Was das Limmatstädtchen von Zürich lernen kann, diskutierten Stadtforscher und Badener im «Royal»
Was braucht es, um Verdichtung als Qualität zu erleben? Wo fängt Urbanität an? Wie erhält man die Liebe zu einer Stadt über längere Zeit?
Am Donnerstag fand im «Royal» der zweite Teil der Podiumstrilogie «Was heisst schon urban» statt. Während zweier Stunden erörterten die fünf Podiumsteilnehmer unter der Leitung von Journalist Urs Tremp im «Royal», welche Faktoren einer Stadt Ausstrahlung verleihen. Dabei bewegten sie sich zwischen Politik und Kultur, zwischen wissenschaftlichen Studien und persönlichen Erlebnissen, zwischen Baden und Zürich.
«Baden lebt», sagt Robert Sailer überzeugt, «Baden lebt am Tag und Baden lebt in der Nacht». Sailer ist Präsident der «City Com Baden» und davon überzeugt, dass vor allem die Menschen den Grundstein für die erfolgreiche Entwicklung einer Stadt legen: «Die modernen Badener, die zwar wegziehen, aber am Schluss immer wieder zurückkommen.»
Genau so erging es auch Autorin Bila Sibylle Ciarloni. Sie wuchs in Baden auf, zog dann nach Zürich und kehrte vor einigen Jahren wieder nach Baden zurück. «Wegen der Liebe», erklärt sie, «also wegen der privaten Liebe». In der Kleinstadt Baden vermisse sie jetzt vor allem die Anonymität – und das Bäderquartier: «Das ist ein Gebiet in Baden, bei dem einiges falsch gemacht wurde, denn viele Möglichkeiten wurden nicht genutzt. Für mich ist Urbanität dann positiv, wenn leer stehende Räume zwischengenutzt werden können.»
Eine Fachfrau für Zwischennutzung ist Podiumsteilnehmerin Vesna Thomse. Die Stadtsoziologin sieht zwischen der derzeitigen Entwicklung von Baden und jener der Stadt Zürich der 90-er Jahre einen klaren Zusammenhang: «Zürich wurde damals von der Investorenwalze überrollt und gewisse belebte Quartiere verwandelten sich so in tote Orte. Jetzt realisiert man langsam, welche urbanen Qualitäten es zu fördern gilt.» Einer ähnlichen Meinung ist Wirtschafts- und Sozialgeograf Philip Klaus. Als Stadtforscher hat er sich vor allem mit den sozialen Beziehungen der Stadtbewohner auseinandergesetzt. Er betont, dass das Leben in einer Grossstadt nicht überall gleich ist: «In Zürich beispielsweise gibt es durchaus Gebiete, welche schon fast dorfähnlichen Charakter aufweisen.»

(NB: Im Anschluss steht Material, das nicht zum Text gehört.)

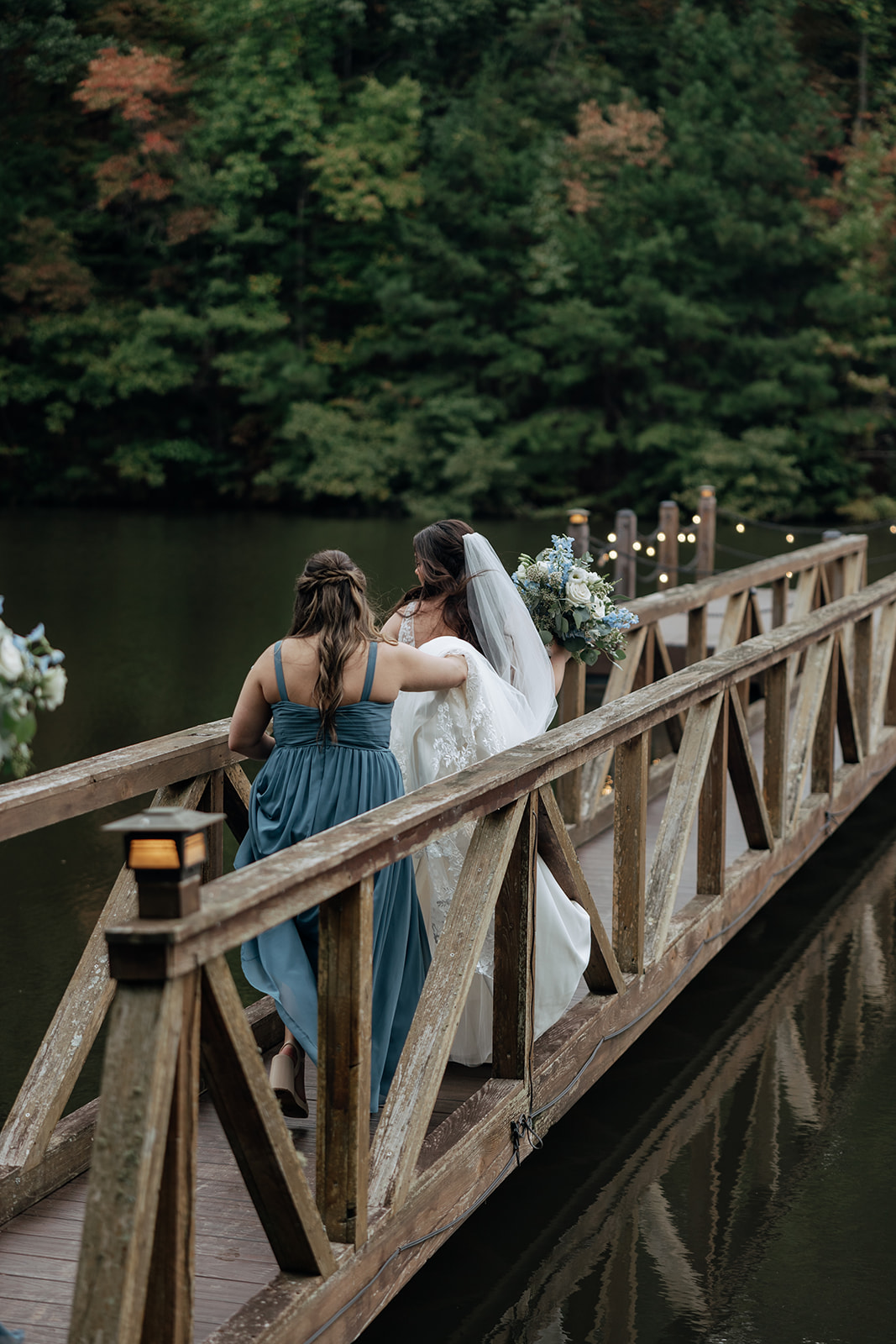 bride gets help walking across dock so her dress doesn't slip off the side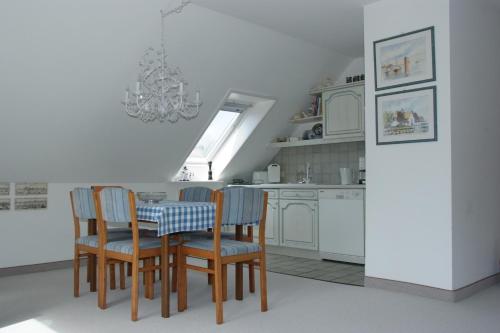 a kitchen with a table and chairs and a chandelier at Haus Burmeister in Tinnum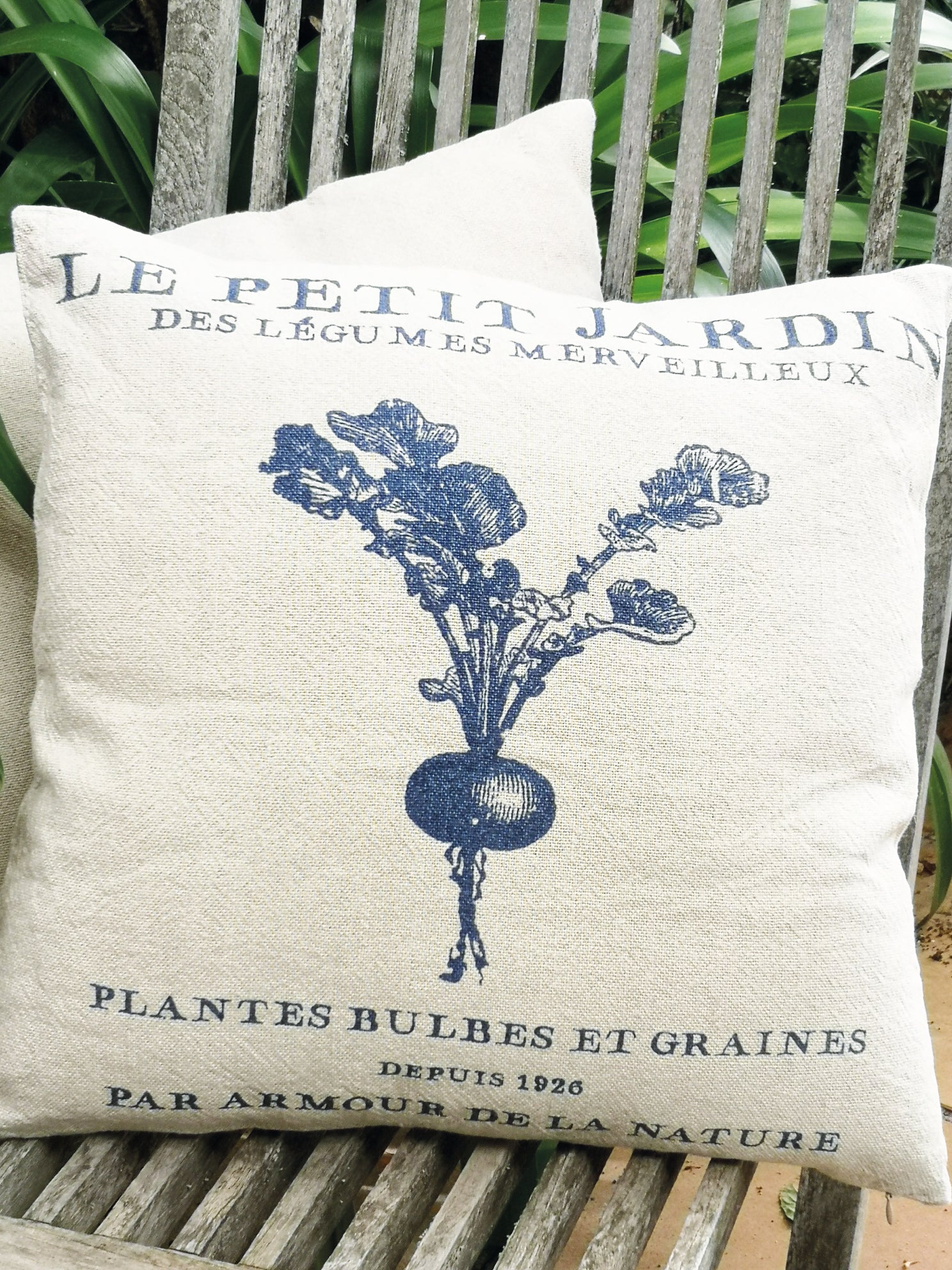 Decorative pillow with vintage-style design featuring a radish and text on a wooden bench.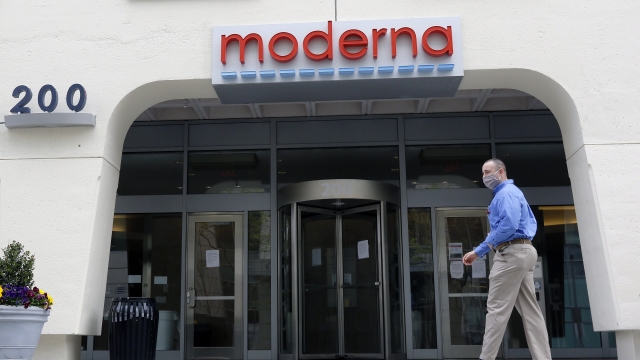 A man stands outside an entrance to a Moderna, Inc., building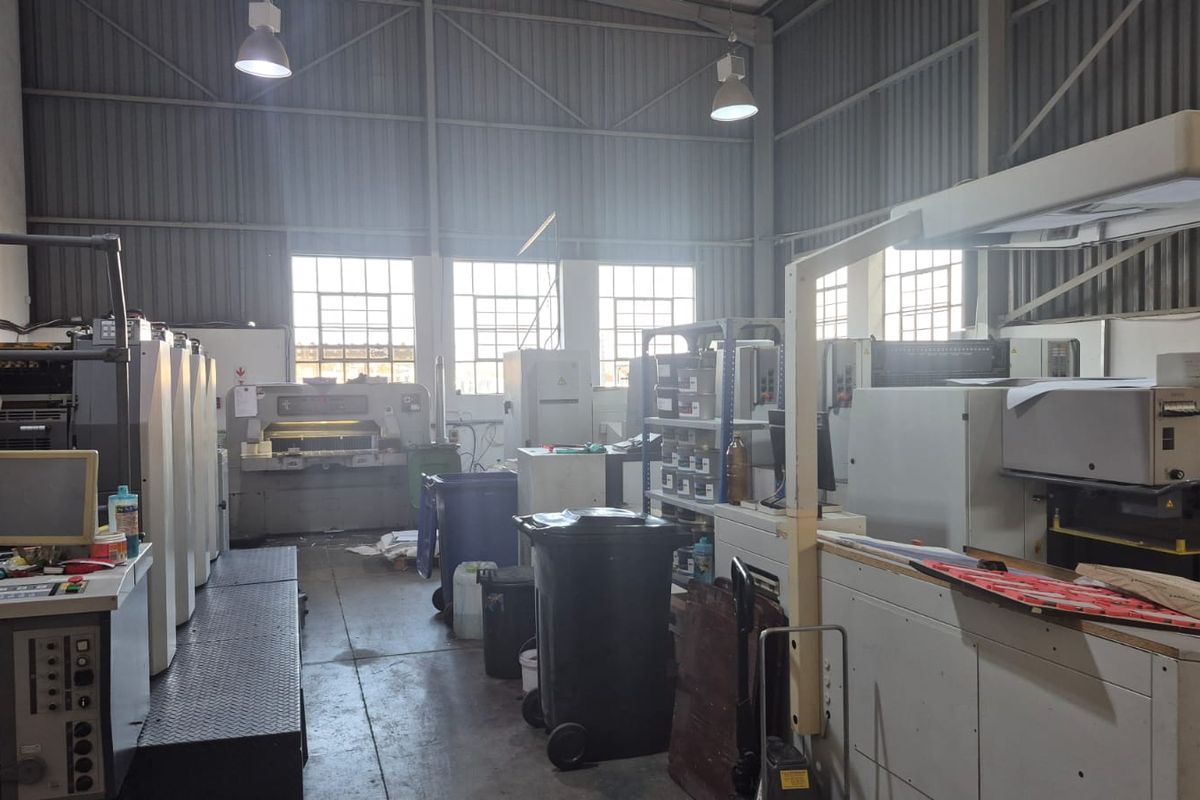 Industrial workshop space featuring high-bay lighting, concrete flooring, and large multi-pane windows, currently utilized for printing operations.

Zürich wurde aber nicht nur als Grossstadt-Exempel thematisiert, sondern auch als Konkurrenz zu Baden. Thomas Lütolf, Leiter des Standortmarketing Baden, sagte dazu: «Die Zugwirkung von Zürich ist ganz klar zu spüren und sicher eine Herausforderung. Jedoch können wir auch als Subzentrum unsere eigene Identität leben.»